[Entries taken from a collection]
********************
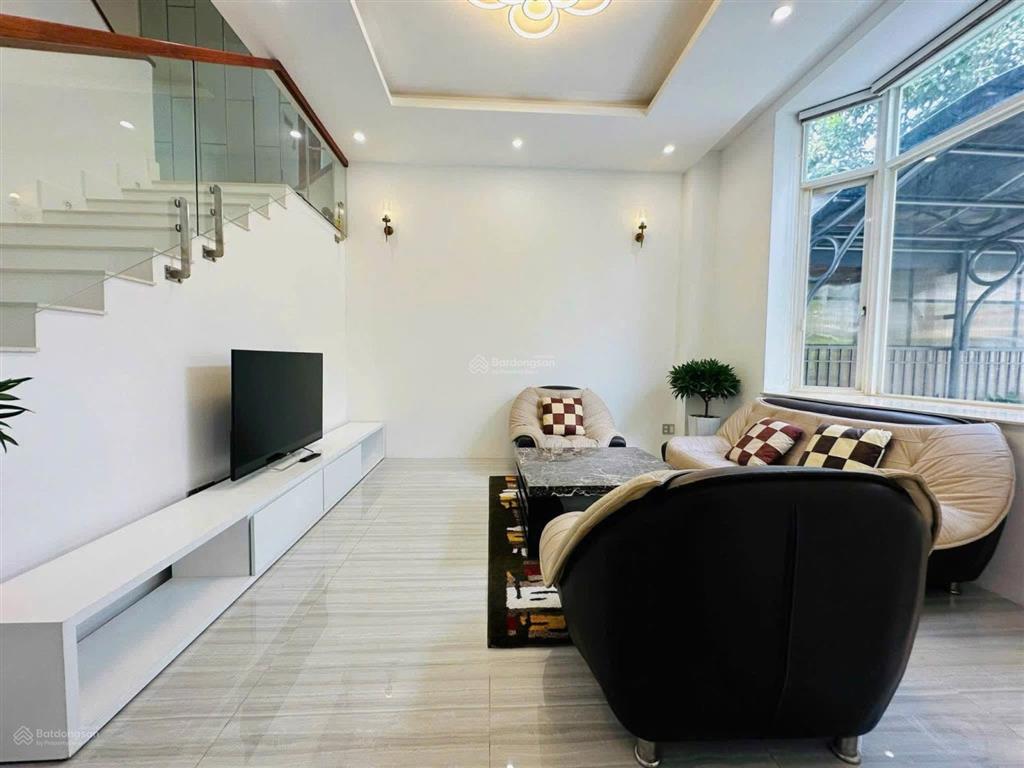 Cho thuê biệt thự phú mỹ hưng, 122,5m, full nội thất, 3pn, giá 45 triệu/tháng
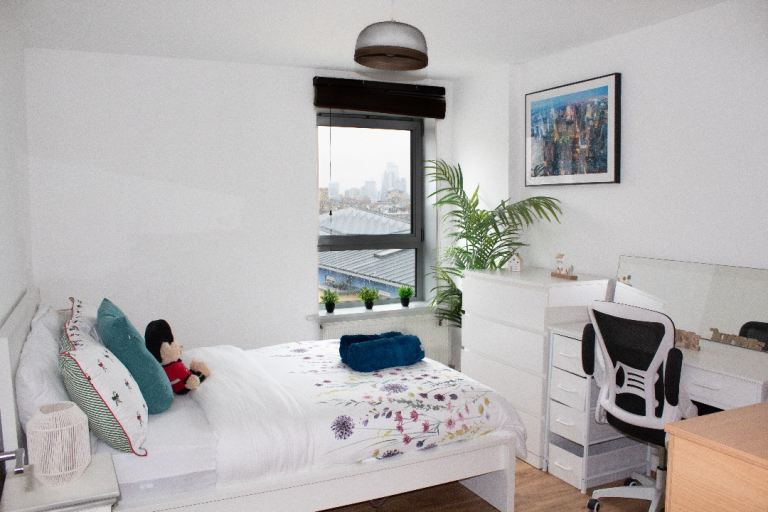 Top Floor Balcony Apartment - 2 min Westferry Stn
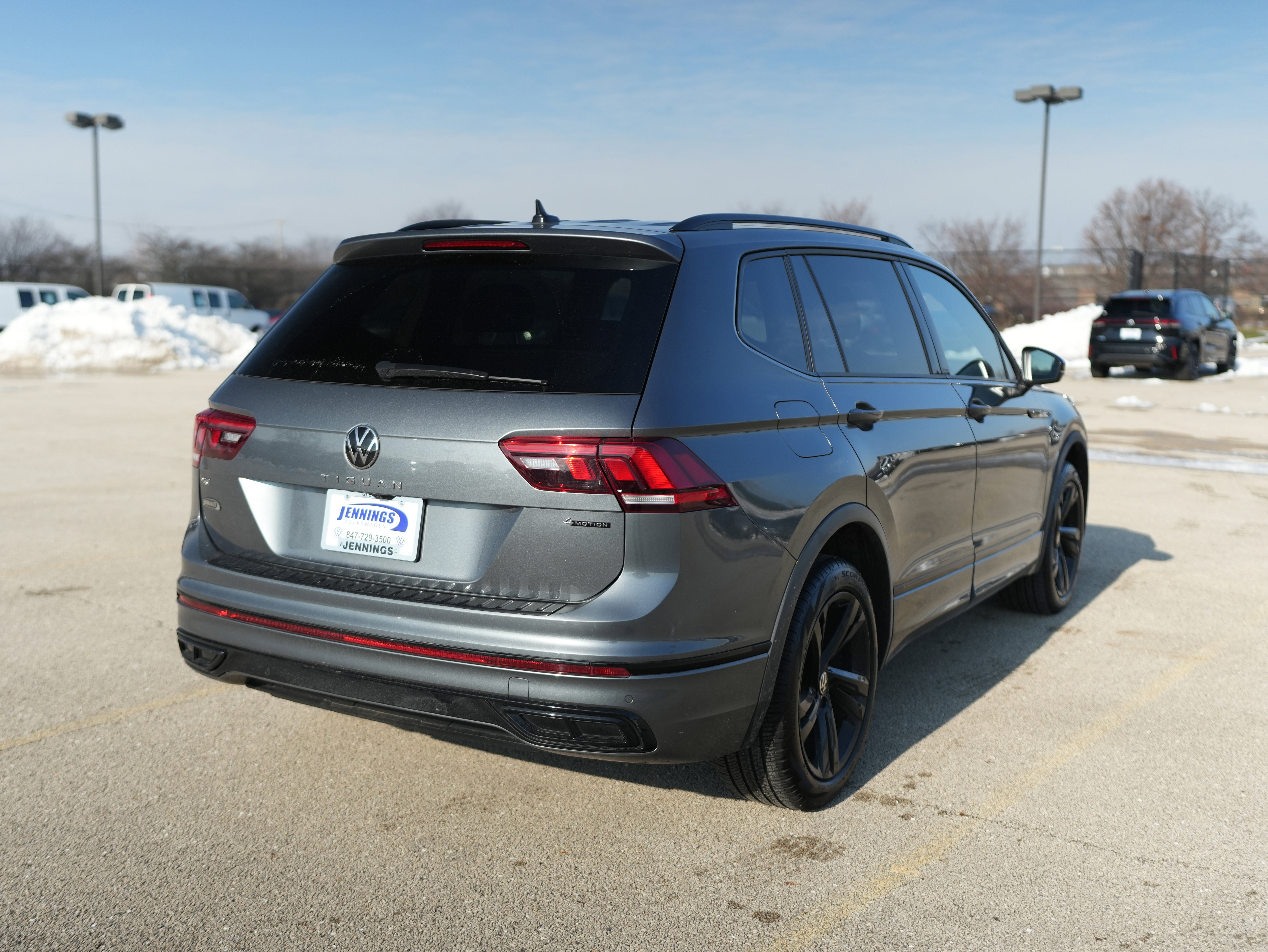 Used 2023 Volkswagen Tiguan SE R-Line image 8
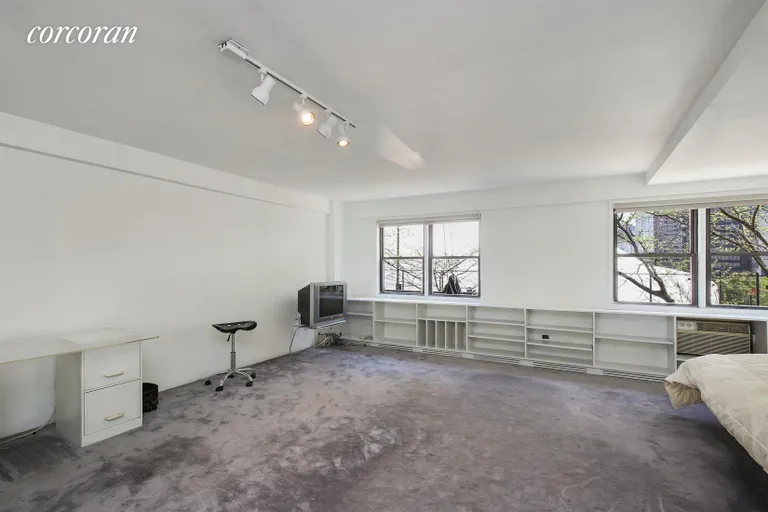 New York City Real Estate | View 40 Sutton Place, 2G | Living Room | View 5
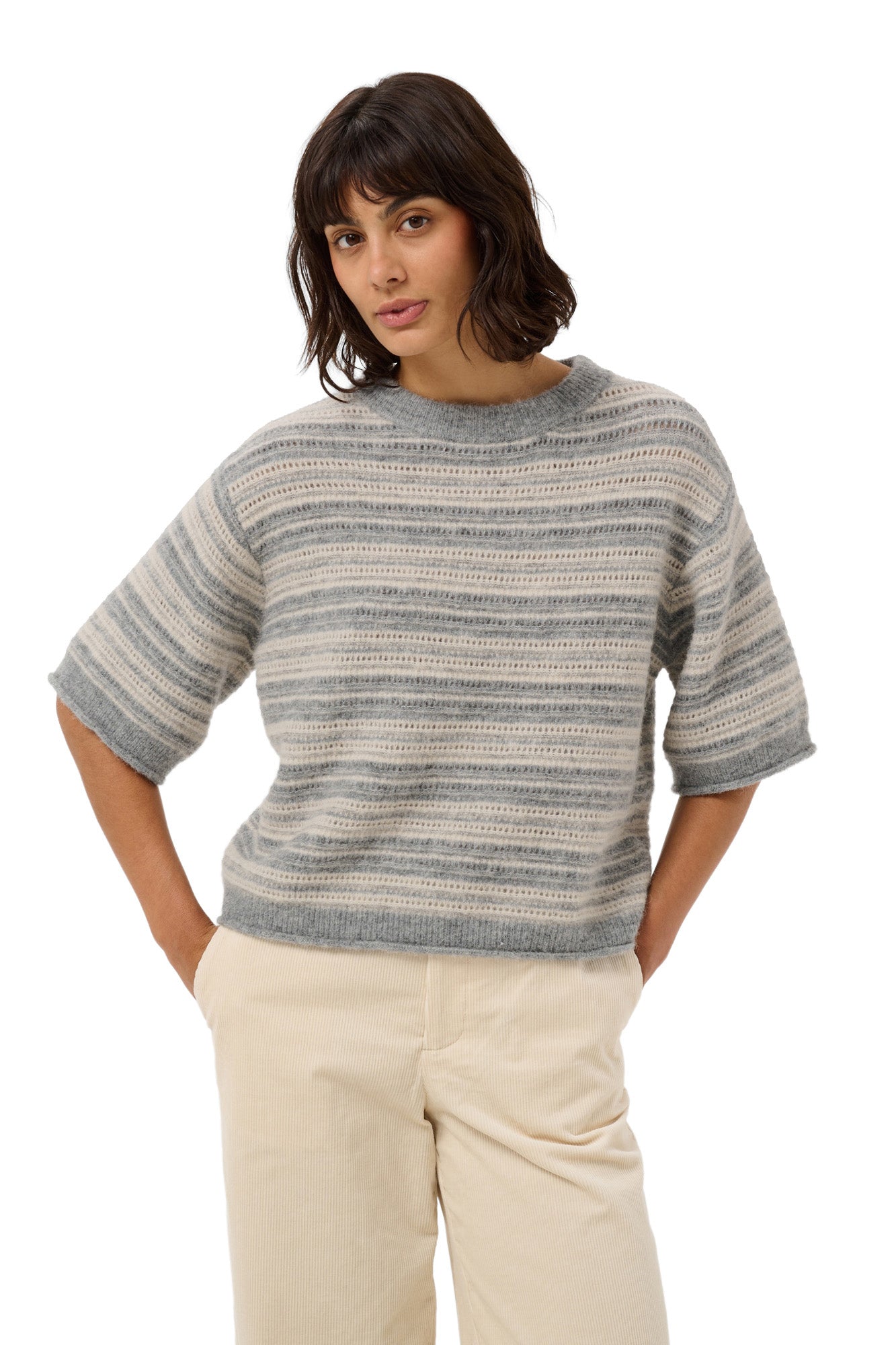 T-Shirt en tricot duveteux rayé gris et crème à bordures côtelées pour femme par Part Two, vue avant sur mannequin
********************
> What to work on: Take the line that holds "New York City" as the start and the last line of the data as the end. Copy only those lines exactly, both ends included, except the pictures.

> Solved exercise:
 New York City Real Estate | View 40 Sutton Place, 2G | Living Room | View 5
 T-Shirt en tricot duveteux rayé gris et crème à bordures côtelées pour femme par Part Two, vue avant sur mannequin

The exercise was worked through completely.